Task prompt. From the very first line of the records through the line that contains "Pure Garden Patio", repeat everything exactly except the pictures, and add nothing.

● ● ● ●

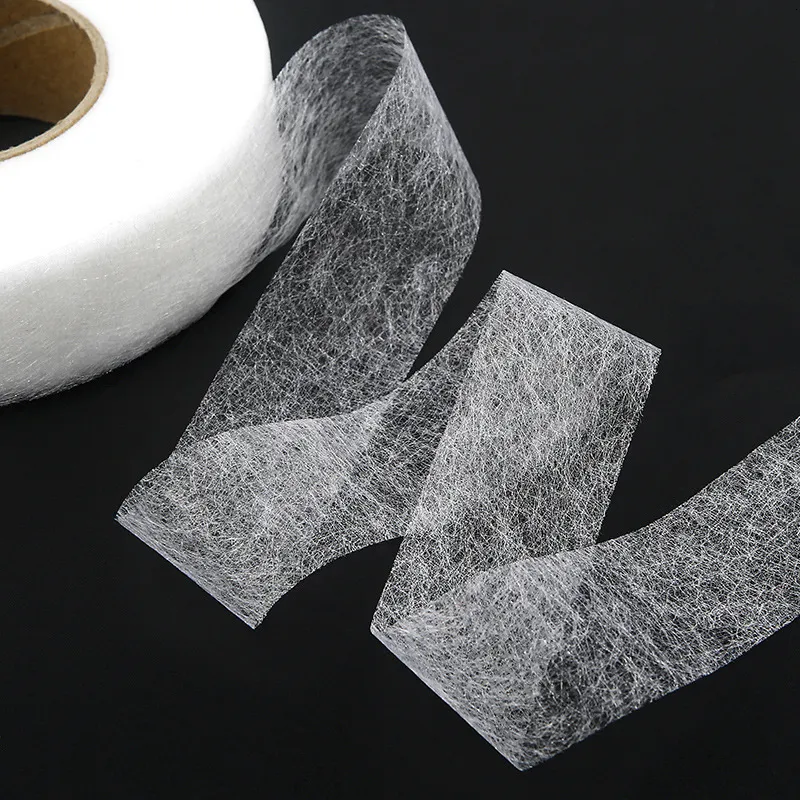 Fabric and Sewing 60MetersRoll Double-sided Non-woven Interlining Adhesive Fabric Cloth Iron On Hem Tape Interlining Web DIY Sewing Crafts 230922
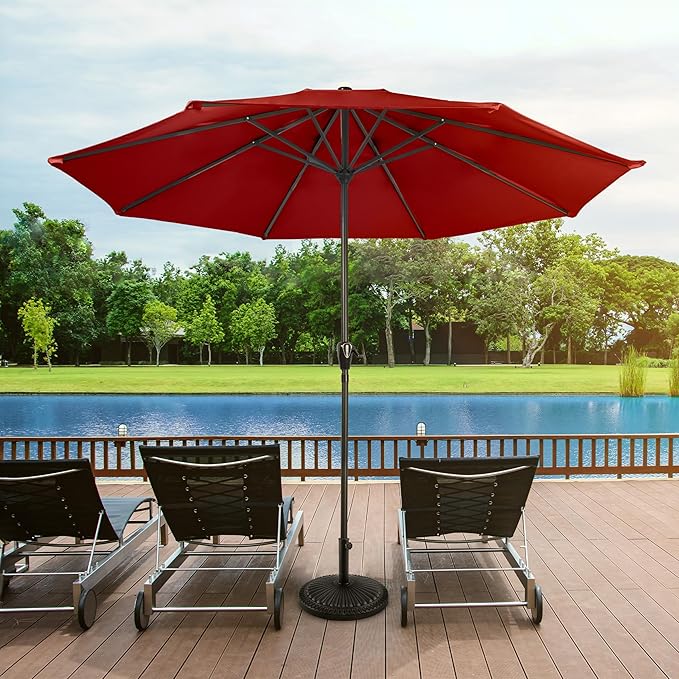Pure Garden Patio Umbrella with Vented Canopy - 9 Ft Easy Crank Outdoor Umbrella for Shade - For Deck, Balcony, Porch, Backyard, or Pool (Red)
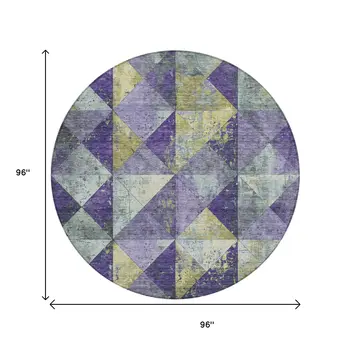 8' Eggplant And Gold Round Geometric Washable Indoor Outdoor Area Rug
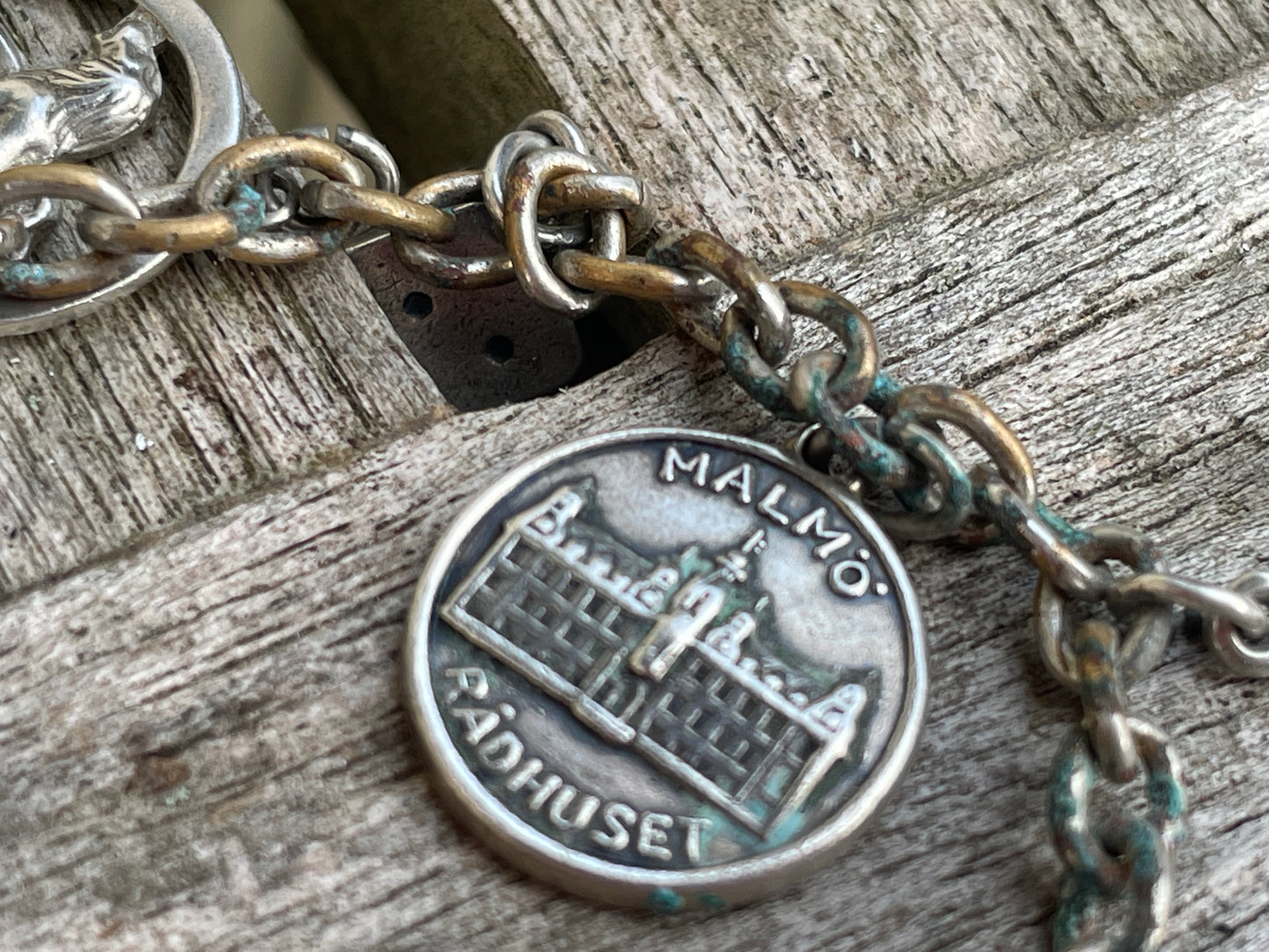 Vintage Silver Charm Bracelet 31g – 12 Charms inc. Malmö Rådhuset, Red-Eyed Fish, Soldier, Key 835, Football & More Collectible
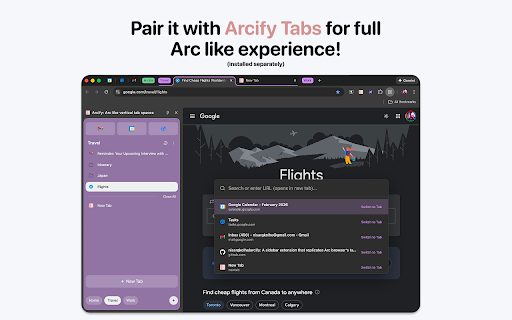 Arcify Spotlight :: Arc Browser (Spotlight)-like experience for your URL bar, including auto-complete, history, bookmarks and more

● ● ● ●

Task solution.
 Fabric and Sewing 60MetersRoll Double-sided Non-woven Interlining Adhesive Fabric Cloth Iron On Hem Tape Interlining Web DIY Sewing Crafts 230922
Pure Garden Patio Umbrella with Vented Canopy - 9 Ft Easy Crank Outdoor Umbrella for Shade - For Deck, Balcony, Porch, Backyard, or Pool (Red)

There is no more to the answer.